Assim, perante esse facto, constatei que os programas oficiais de prevenção e

intervenção tornam-se pouco eficientes, uma vez que, se centram na criminalidade

registada oficialmente e não na criminalidade real.

Para além disso, sabemos que Portugal é um país que apresenta níveis de medo e

insegurança elevados (Machado, 2004), no entanto, estes podem ser minimizados na

medida em que, as pessoas sentem-se mais seguras em áreas que conhecem do que em

áreas desconhecidas, sendo que, o medo e a insegurança estão relacionados com

características espaciais e podem ser descritos a partir de áreas concêntricas, ou seja,

sugere uma variação do sentimento de insegurança entre as “áreas conhecidas” e “áreas

desconhecidas” (Cardoso, Seibel, Monteiro & Ribeiro, 2013).

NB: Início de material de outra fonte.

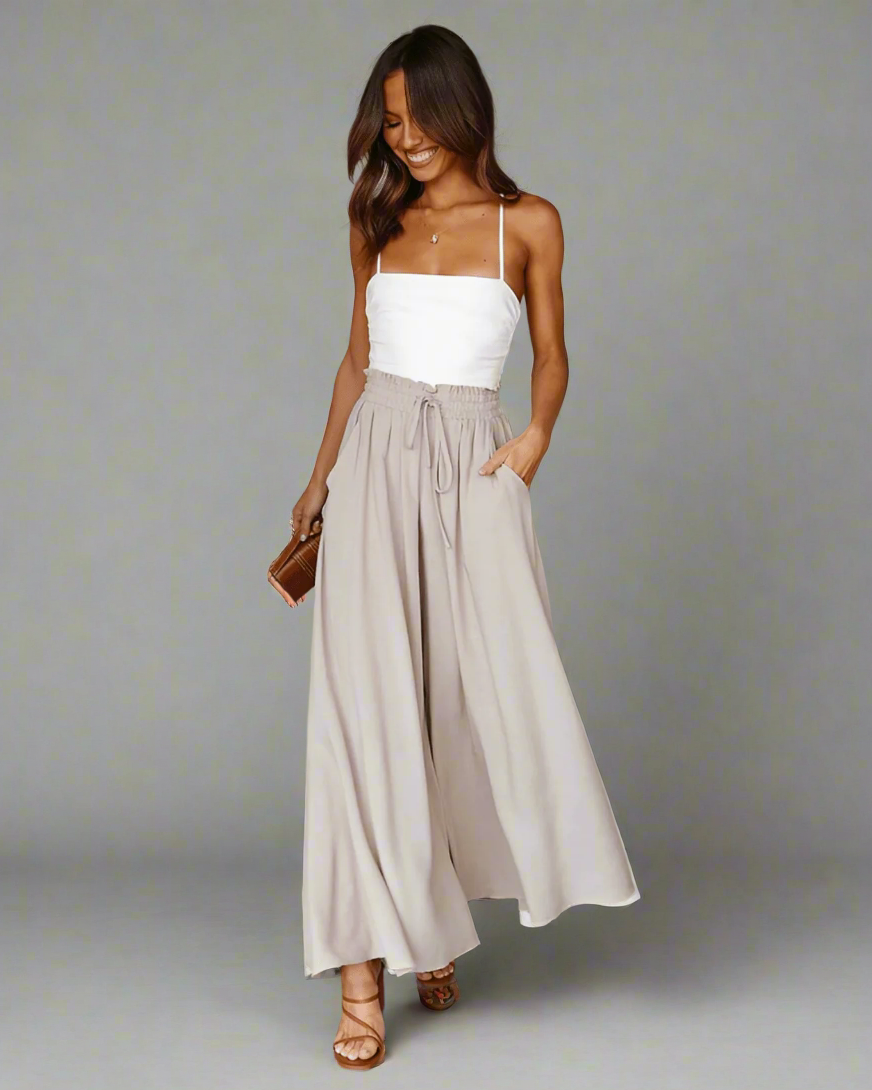 Model wearing women's high-waisted summer trousers, demonstrating their flattering fit and relaxed look.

Acrescento que no âmbito desta investigação, na realização de entrevistas a

reclusos e vítimas de roubos e furtos, verifiquei que o comportamento da vítima

interfere no ato criminoso, tal como a familiar expressão popular diz “a ocasião faz o

ladrão”, e nada melhor do que excertos das narrativas dos próprios reclusos a

corroborar:

Não, não era nada planeado. Tanto podia roubar um estabelecimento como

outra coisa, o que aparecesse lá ia. Como se costuma dizer, a ocasião faz o

ladrão. (Nélson)

No roubo de esticão, íamos devagarinho com o carro na berma da estrada (…)

depois puxávamos as carteiras que estavam do lado da estrada, claro das

pessoas que se punham mais a jeito! (Sílvia)

Lembro-me que houve uma altura que vimos uma casa com a janela aberta, e

pimba entrámos, lá está, foi um descuido dos senhores porque deixaram a

janela aberta (Ricardo).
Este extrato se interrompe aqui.